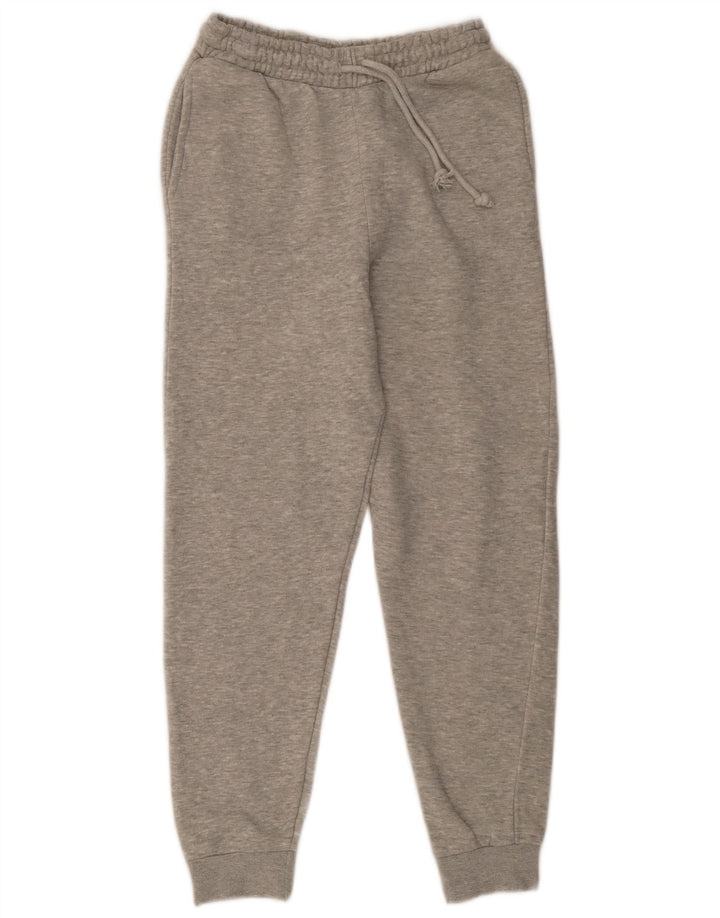 Zara ženska trenirka Hlače Joggers Male sive fleke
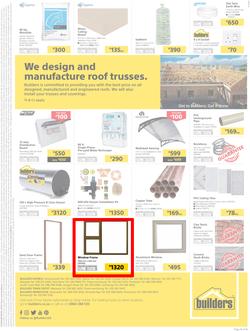 Builders KZN & EL : The Best Deals On The Widest Range (22 Oct - 17 Nov 2019), page 16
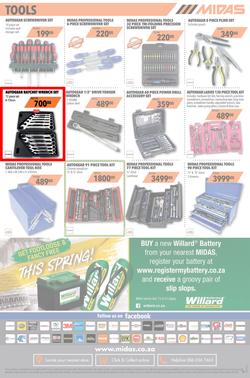 Midas : Hello Spring (14 September - 4 October 2020), page 12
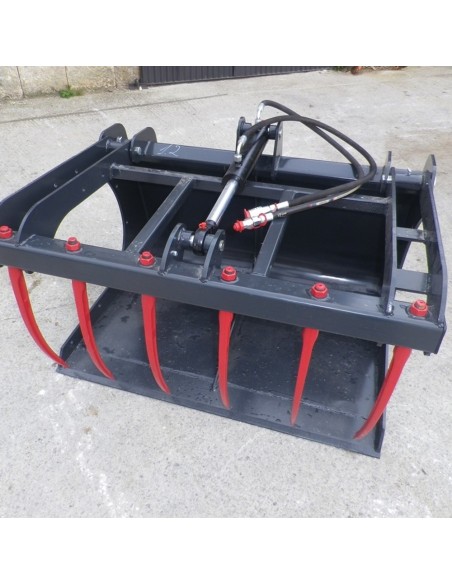 Godet multiservices 160 cm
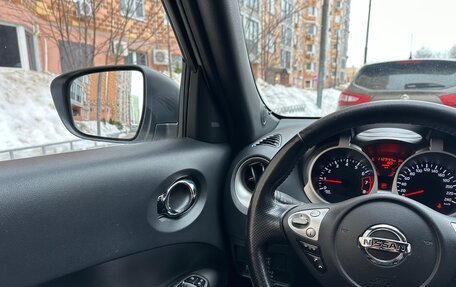 Nissan Juke II, 2015 год, 1 600 000 рублей, 15 фотография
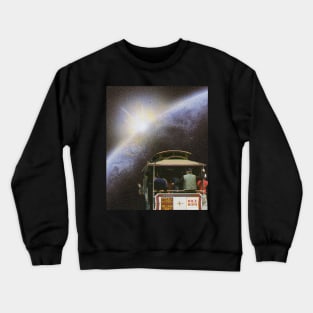 Vial artery Crewneck Sweatshirt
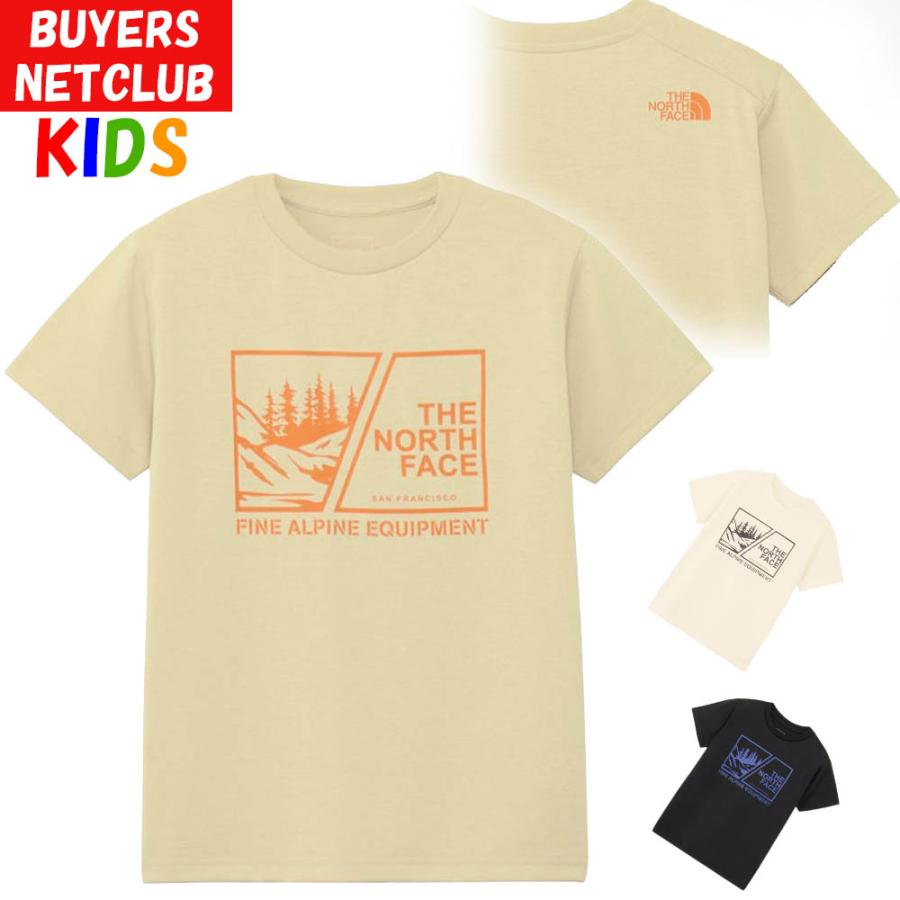 THE NORTH FACE（ザ ノースフェイス） キッズ Tシャツ 120-100cm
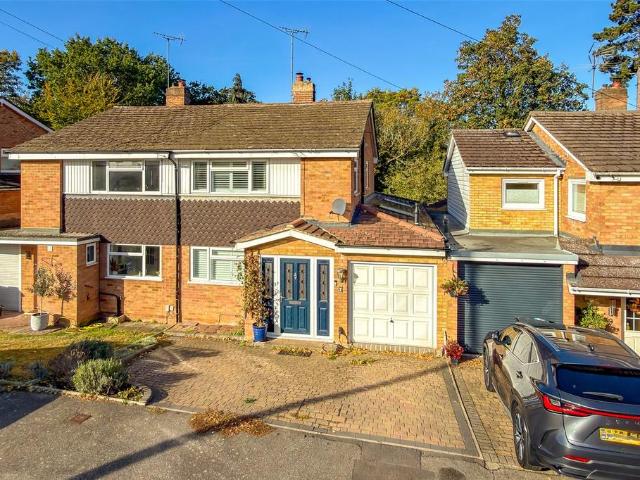 House for sale in Marshalswick, St Albans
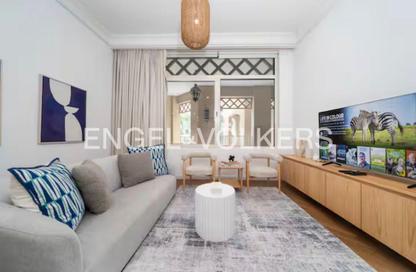 Apartment - 1 Bedroom - 1 Bathroom for sale in Al Hamri - Shoreline Apartments - Palm Jumeirah - Dubai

-- -- --

(Problem to solve): If pictures appear in the data, omit them and copy all other parts exactly.

(Exercise output):
 Zara ženska trenirka Hlače Joggers Male sive fleke
 Builders KZN & EL : The Best Deals On The Widest Range (22 Oct - 17 Nov 2019), page 16
 Midas : Hello Spring (14 September - 4 October 2020), page 12
 Godet multiservices 160 cm
 Nissan Juke II, 2015 год, 1 600 000 рублей, 15 фотография
 Vial artery Crewneck Sweatshirt
 THE NORTH FACE（ザ ノースフェイス） キッズ Tシャツ 120-100cm
 House for sale in Marshalswick, St Albans
 Apartment - 1 Bedroom - 1 Bathroom for sale in Al Hamri - Shoreline Apartments - Palm Jumeirah - Dubai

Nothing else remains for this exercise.